‘The principal objective of a business enterprise is to generate economic returns to its owners’. University of Chicago economist Milton Friedman’s famous statement in the New York Times in September 1970 about the objectives of the corporation was for many decades taken as gospel.
From the mid-1980s to the early 2000s, Friedman’s (purported) position was dominant in both academia and in the business world. Simple and catchy, it served the interests of certain parts of society. At extremis, think Gordon Gekko of Wall Street. Undiluted capitalism. Only shareholders matter.
Keeping stakeholders in the tent
Of course, the alternative model is for businesses to consider all of their stakeholders: so-called stakeholder capitalism. And since the early 2000s, Friedman’s doctrine has fallen from favour (or so most companies would have you believe), its rejection almost a requirement for acceptance into polite society.
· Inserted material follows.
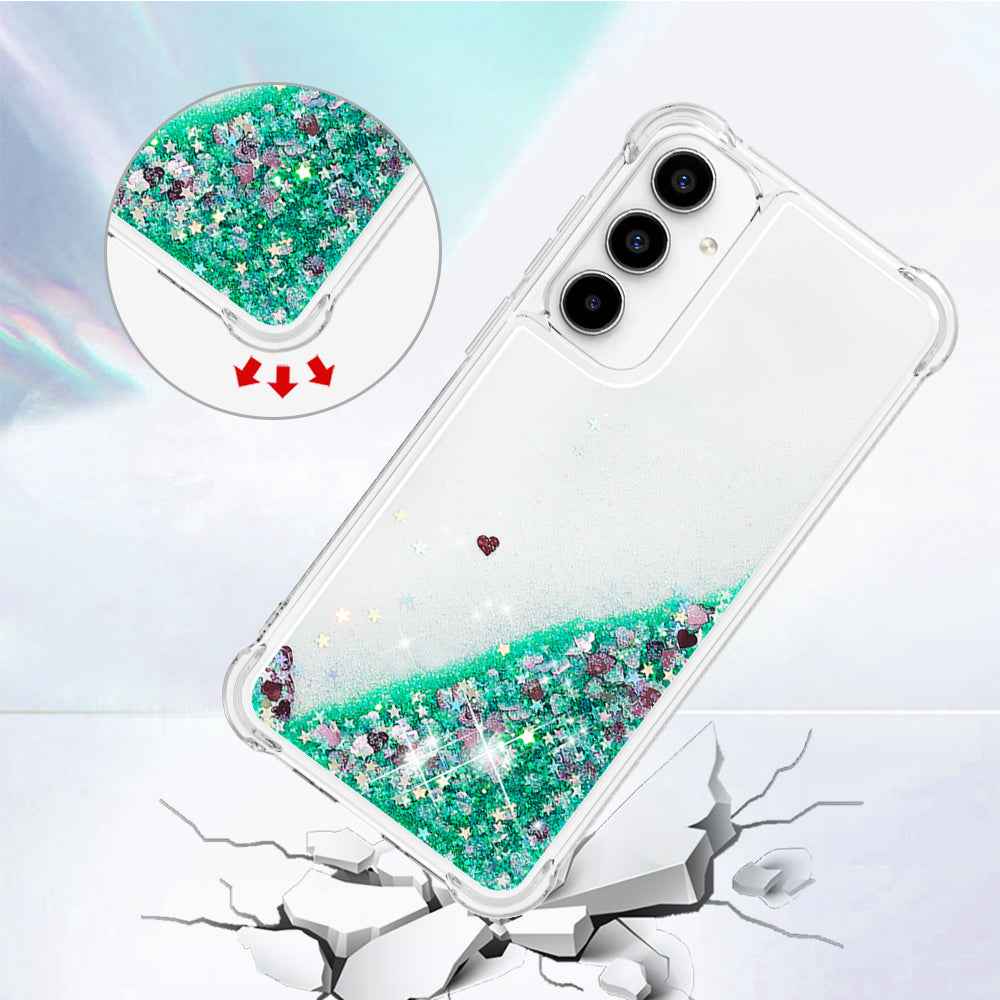 For Samsung Galaxy A57 5G TPU Case Glitter Quicksand Shockproof Phone Back Cover - Green / Hearts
However, Friedman didn’t ever advocate that companies should ignore their stakeholders. What he went on to say was that the only way a company can be successful ‘in the long-term’ is if it treats all stakeholders seriously. Note also that Friedman was writing 50 years ago, partly in response to the US government of the time exhorting corporations to stop raising prices in an attempt to combat inflation. Clearly, the world has changed a lot since the 1970s. The balance of power between government and corporations has shifted and we face more serious environmental concerns.
Responsible capitalism is more than positive PR
If he was writing now, would Friedman frame his ideas in a slightly different way? We suspect he might. Not least because of the passing of time and economic externalities including the climate crisis. But also because there is plenty of evidence to support the idea that business can be a driver of positive impact.
Conscious capitalism can be successful, but it clearly has to mean more than social responsibility for PR purposes. Friedman made it clear that corporations have a social responsibility to play within ‘the rules of the game and, engage in open and free competition without deception or fraud’.
Disrupting the status quo through positive change
Unfortunately, we suspect a lot of corporate responsibility still serves only to protect self-interests and maintain the status quo. Real positive impact comes when companies align their strategy with positive environmental and societal outcomes; impact through innovation which reshapes the very nature of competition and makes the company, its investors and society better off.
Which is why, as impact investors, our focus is on identifying the most innovative and disruptive companies. Companies which are at the intersection of disruptive innovation and the unsustainable status quo. Companies whose strategies, if delivered successfully, will make everyone better off. In fact, given the scale and intensity of the environmental and societal challenges that we face, we strongly believe that corporate success and above-market-returns will come because of – and not in spite of – positive impact.